シュッと軽い音が聞こえたと思ったのと、身を浸す群青の中に白い明かりが噴出したのはほぼ同時だった。

一つの方向に流れる火花は、柄を持つ男の姿を煌々と闇から切り抜く。

鼻先を掠める、火薬の臭い。

「花火……」
「火遊びだろう?」

白から緑に変わった花を差し出され、千影は呆然とした面持ちで受け取った。

新たな一本を持った穂積が隣に並び、こちらから火種を取る。

少年の花火が終わる前に、もう一つ白い光りが上がった。

穂積はさらに新しい花火に火を移しながら、口を開いた。

「膠着状態に陥ったときは、気分転換が重要だからな。
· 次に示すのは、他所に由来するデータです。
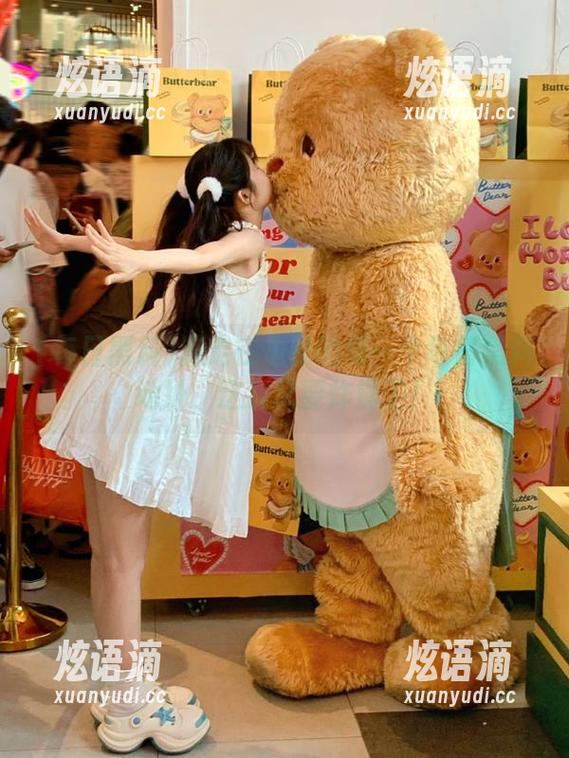 游走在边缘的每一个每日黑料地址，这次又要炸锅了！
適度に息抜きを入れないと、大事なものを見落とす危険がある」

いつか聞いたことのある内容の台詞。

彼の言う膠着状態とは、なかなか思うように進展しないドラッグの調査なのだろうが、千影はまるで、己の踏ん切りつかない感情を指摘されている錯覚を覚えてしまう。
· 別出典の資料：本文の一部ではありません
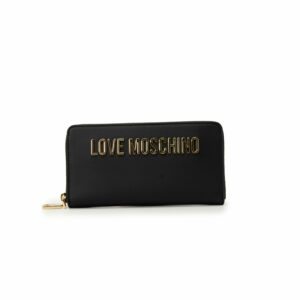 Love Moschino Portafogli Donna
真っ直ぐになれず、なる努力にすら臆しながらも、仁志と本当の意味で友人になりたいと願う自分。

やるべきことが見えたのに、最後の勇気が固まらない。

そんな自分を言い当てられた気がして、誤魔化すように花火に意識を注いだ。

「さっきコンビニで買ったのって、これだったんだ」
「あぁ」
「久々だ、花火」
「そうなのか?」
「昔はよく武……知り合いとやったんだけど」
「俺は中学以来だな。火気厳禁の場所で火をつけた馬鹿がいた」

保護者の名前を言いかけて内心慌てふためくも、穂積は追及することなく自分のエピソードを語ってくれた。

「常識がないなら買ってでも身につけろ、と言ったらキレられたな」

犯人は絶対に仁志だ。

穂積にキレる人間と言ったら、あの不良以外にいるはずがない。

「まぁ、もう一人が間違えてロケット花火をこちらに向けて持っていたから、うやむやになったが」

こちらは確実に綾瀬だろう、と検討がついてしまう。

学院に潜入していた身としては、当時の様子がイメージできて笑いを堪えるのが辛い。

穂積の嫌味にキレた仁志と、計算か天然か微妙な加減でロケット花火を人に向けて点火した綾瀬。

傍では苦笑する歌音と、呆れながらも笑う逸見が、必死にロケットから逃げる二人を傍観しているはずだ。

千影の知らない、中学時代の生徒会の面々は、その頃から今のように仲が良かったのだろうか。

学院に戻ったら、仁志に当時の写真を見せてもらおう。

ベンチに広げられた花火を物色しながら、心に決めた。